··· DATA SECTION
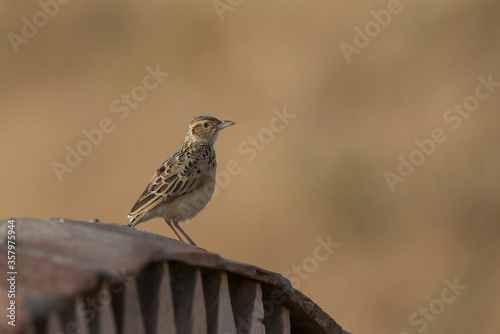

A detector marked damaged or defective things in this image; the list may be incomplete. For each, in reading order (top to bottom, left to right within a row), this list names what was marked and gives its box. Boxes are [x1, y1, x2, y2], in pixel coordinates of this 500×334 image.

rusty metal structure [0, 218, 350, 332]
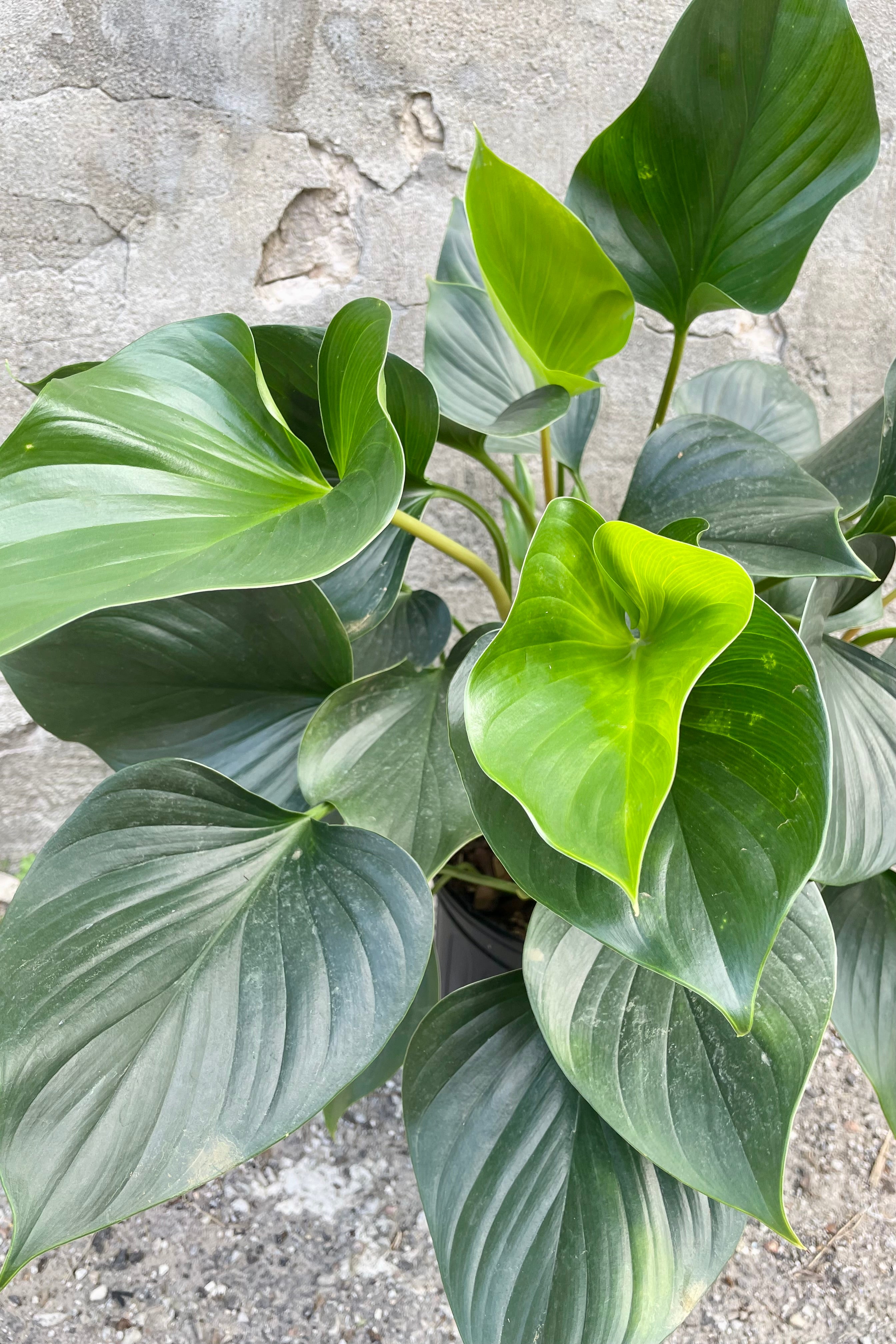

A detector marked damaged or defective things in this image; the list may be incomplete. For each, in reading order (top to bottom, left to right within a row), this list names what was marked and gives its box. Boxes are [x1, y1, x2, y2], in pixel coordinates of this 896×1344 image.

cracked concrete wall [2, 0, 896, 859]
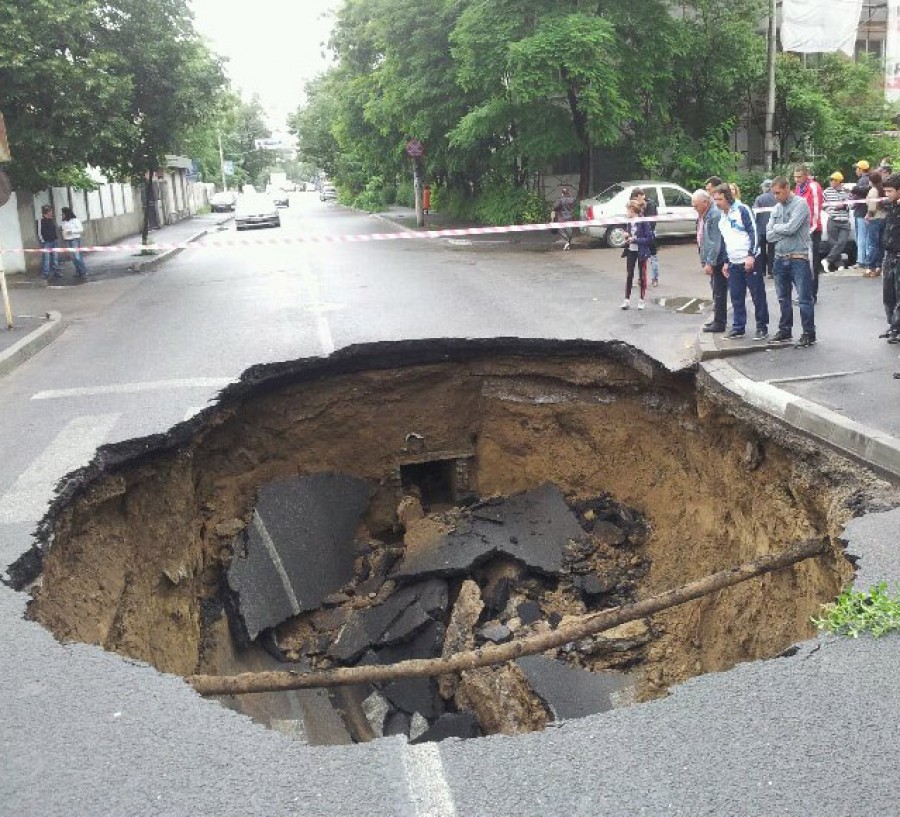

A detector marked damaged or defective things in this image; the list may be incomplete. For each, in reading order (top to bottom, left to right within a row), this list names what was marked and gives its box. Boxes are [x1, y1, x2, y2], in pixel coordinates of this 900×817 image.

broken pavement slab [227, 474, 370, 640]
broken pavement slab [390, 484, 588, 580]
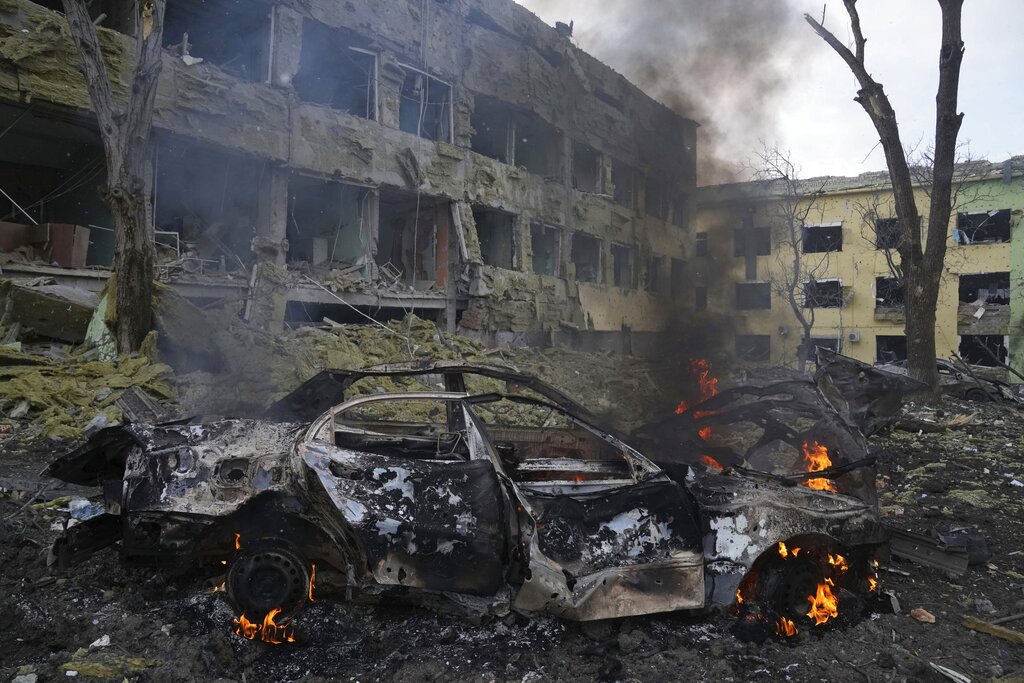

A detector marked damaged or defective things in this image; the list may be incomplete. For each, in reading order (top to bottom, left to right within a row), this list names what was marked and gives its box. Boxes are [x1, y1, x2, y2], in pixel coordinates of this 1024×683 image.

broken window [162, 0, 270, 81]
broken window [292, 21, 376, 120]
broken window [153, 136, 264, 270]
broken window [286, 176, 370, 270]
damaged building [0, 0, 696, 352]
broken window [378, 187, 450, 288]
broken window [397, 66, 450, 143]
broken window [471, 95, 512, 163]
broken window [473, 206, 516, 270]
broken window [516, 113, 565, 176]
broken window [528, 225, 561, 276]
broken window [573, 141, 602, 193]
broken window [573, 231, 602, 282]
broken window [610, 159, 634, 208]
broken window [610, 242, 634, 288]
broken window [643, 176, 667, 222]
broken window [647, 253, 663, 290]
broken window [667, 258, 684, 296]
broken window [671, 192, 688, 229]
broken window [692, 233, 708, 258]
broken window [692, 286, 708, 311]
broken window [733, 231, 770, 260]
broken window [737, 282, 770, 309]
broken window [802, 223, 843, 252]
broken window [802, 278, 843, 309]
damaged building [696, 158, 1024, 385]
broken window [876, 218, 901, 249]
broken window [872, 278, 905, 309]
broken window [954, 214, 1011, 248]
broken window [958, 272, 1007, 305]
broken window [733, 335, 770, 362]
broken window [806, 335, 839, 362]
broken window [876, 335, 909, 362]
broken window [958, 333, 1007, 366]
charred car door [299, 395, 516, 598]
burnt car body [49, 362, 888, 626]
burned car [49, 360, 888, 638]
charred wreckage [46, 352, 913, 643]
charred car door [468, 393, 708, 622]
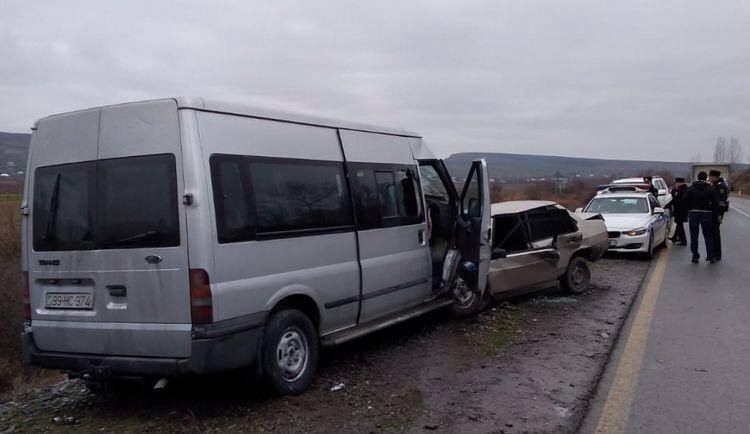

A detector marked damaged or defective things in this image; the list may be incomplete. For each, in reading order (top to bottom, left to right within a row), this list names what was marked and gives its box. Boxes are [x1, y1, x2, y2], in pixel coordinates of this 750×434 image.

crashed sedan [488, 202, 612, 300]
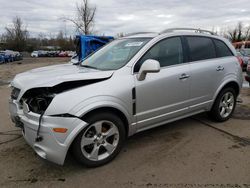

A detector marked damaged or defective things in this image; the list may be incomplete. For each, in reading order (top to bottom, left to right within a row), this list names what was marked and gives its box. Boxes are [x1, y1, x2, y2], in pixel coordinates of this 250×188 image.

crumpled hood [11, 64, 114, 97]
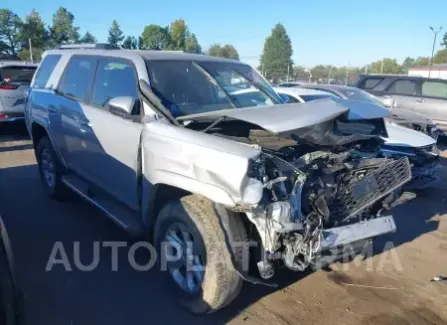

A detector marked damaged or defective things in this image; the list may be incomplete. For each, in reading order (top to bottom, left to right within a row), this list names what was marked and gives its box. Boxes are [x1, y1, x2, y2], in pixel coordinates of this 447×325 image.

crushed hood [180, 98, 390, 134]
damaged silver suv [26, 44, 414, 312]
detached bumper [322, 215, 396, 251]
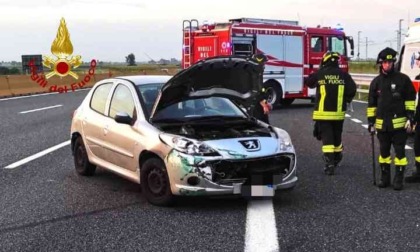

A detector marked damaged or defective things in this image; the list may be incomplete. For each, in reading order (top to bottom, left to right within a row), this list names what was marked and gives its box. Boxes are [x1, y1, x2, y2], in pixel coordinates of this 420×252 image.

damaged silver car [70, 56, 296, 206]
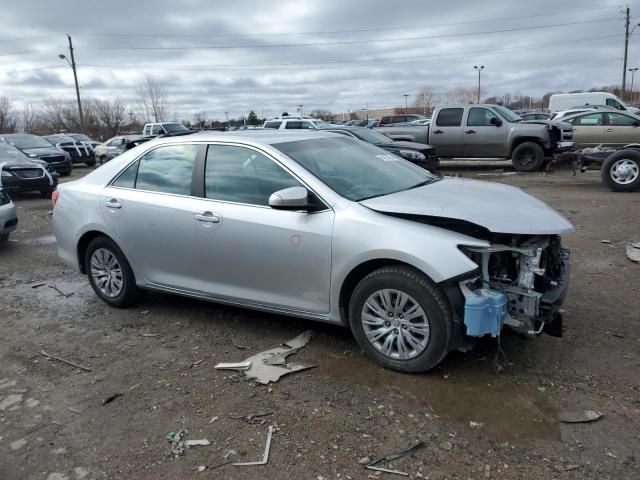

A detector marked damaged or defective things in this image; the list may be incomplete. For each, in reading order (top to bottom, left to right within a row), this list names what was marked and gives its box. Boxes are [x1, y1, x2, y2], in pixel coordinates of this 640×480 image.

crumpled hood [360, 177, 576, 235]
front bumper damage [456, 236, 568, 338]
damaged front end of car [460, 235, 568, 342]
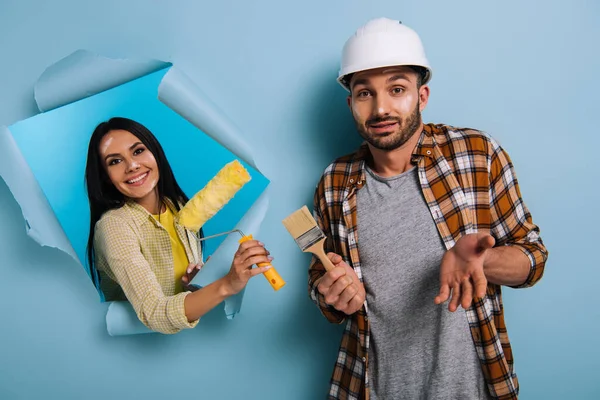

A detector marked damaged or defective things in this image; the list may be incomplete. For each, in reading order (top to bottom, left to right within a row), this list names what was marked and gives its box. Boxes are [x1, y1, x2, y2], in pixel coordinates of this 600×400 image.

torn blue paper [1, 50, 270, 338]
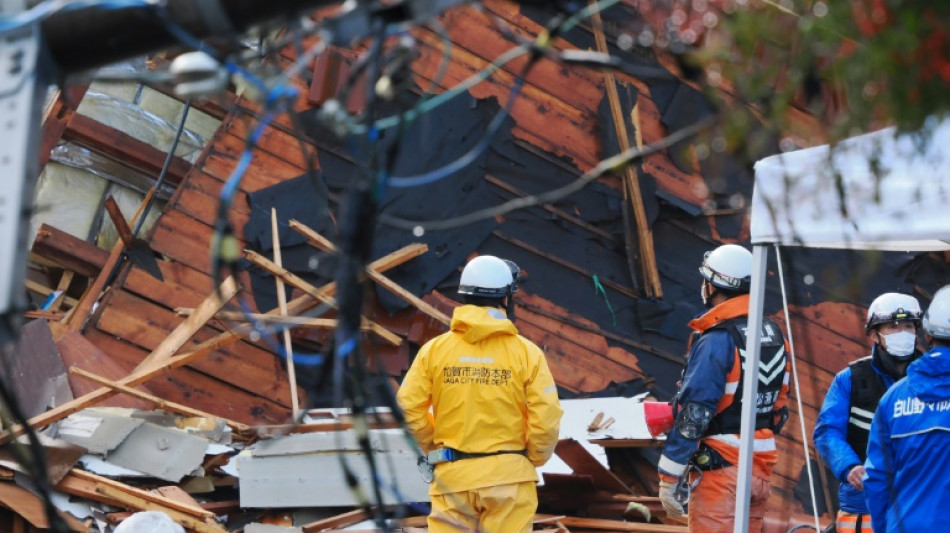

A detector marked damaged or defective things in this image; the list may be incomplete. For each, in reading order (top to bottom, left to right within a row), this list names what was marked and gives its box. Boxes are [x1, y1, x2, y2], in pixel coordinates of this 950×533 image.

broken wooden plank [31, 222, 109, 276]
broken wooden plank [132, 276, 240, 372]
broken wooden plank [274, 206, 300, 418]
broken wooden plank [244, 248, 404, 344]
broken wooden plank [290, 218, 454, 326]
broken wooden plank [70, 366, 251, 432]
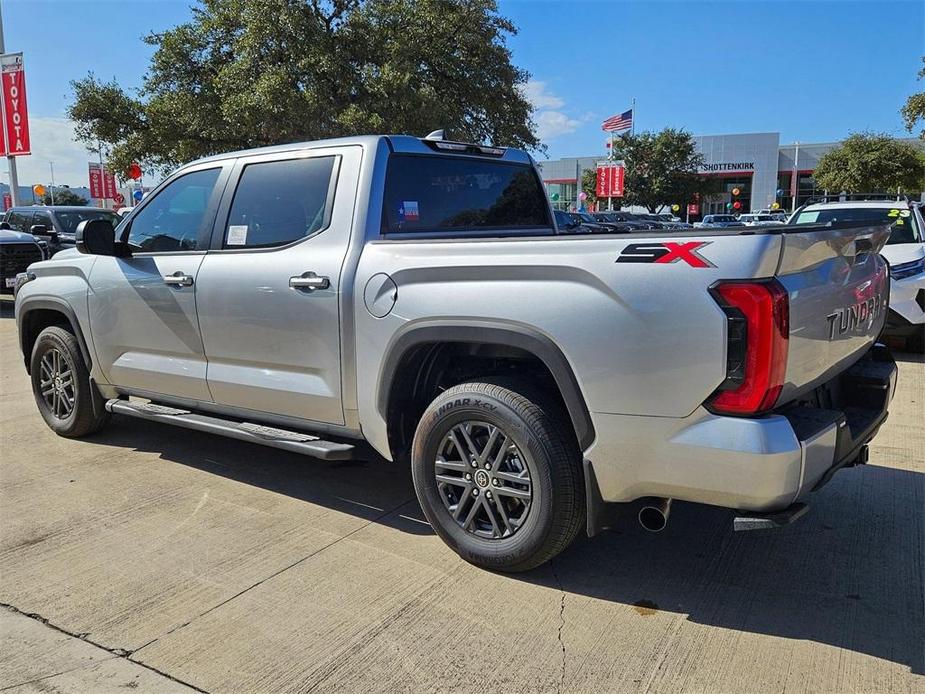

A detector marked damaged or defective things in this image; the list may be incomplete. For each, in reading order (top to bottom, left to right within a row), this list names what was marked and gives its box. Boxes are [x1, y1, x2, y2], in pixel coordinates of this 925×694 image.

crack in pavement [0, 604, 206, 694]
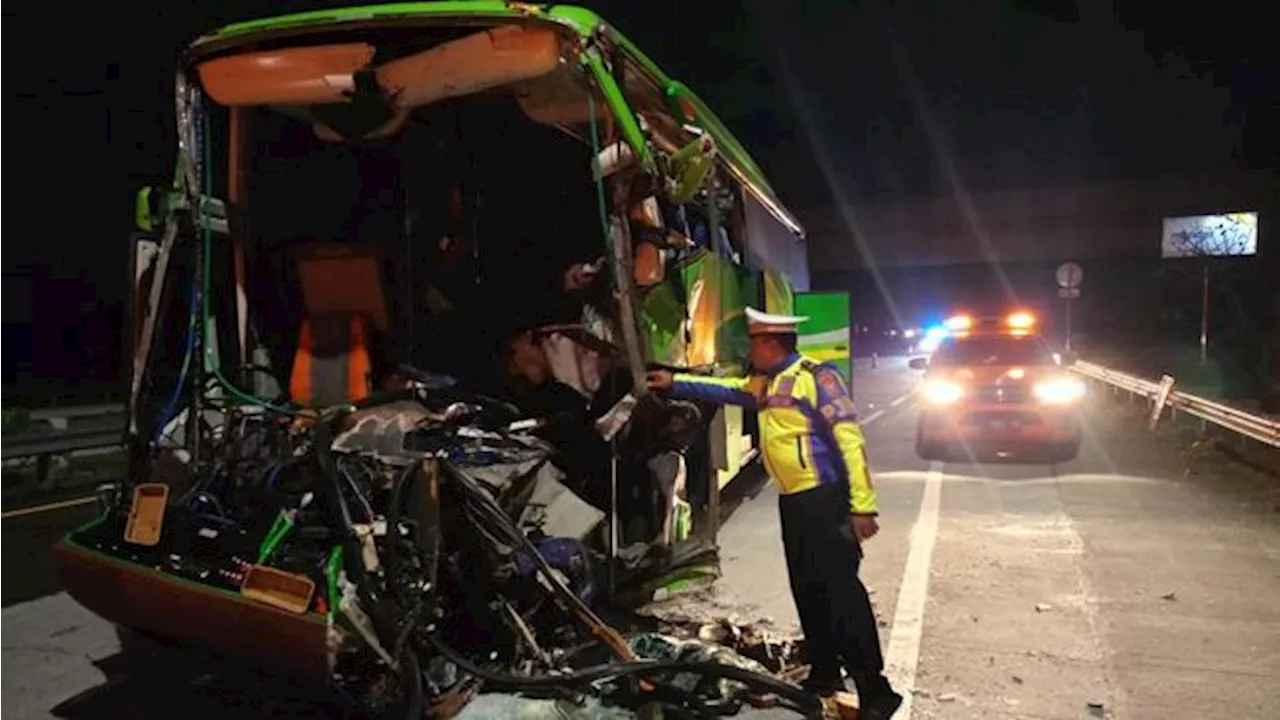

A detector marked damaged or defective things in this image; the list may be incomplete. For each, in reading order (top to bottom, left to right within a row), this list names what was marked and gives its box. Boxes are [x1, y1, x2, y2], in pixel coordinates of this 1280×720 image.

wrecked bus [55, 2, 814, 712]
······
INSTRUCTIONS FOR THE TASK: Copy exactly, and only, the lines from the line containing "this 925×694 image." through the final line of the material above, with no pictures.

ANSWER BOX:
A detector marked damaged or defective things in this image; the list may be incomplete. For each, in reading order (top to bottom, left to right within a row), this list names what was marked and gives its box. Boxes are [x1, y1, x2, y2], in pixel coordinates of this 925×694 image.

crack in pavement [0, 604, 206, 694]

A detector marked damaged or defective things in this image; the list may be incomplete. For each, in reading order (top to bottom, left to right within a row), this list names what was marked and gives its box. Boxes are [x1, y1, x2, y2], in pixel coordinates of this 1280×720 image.

wrecked bus [55, 2, 814, 712]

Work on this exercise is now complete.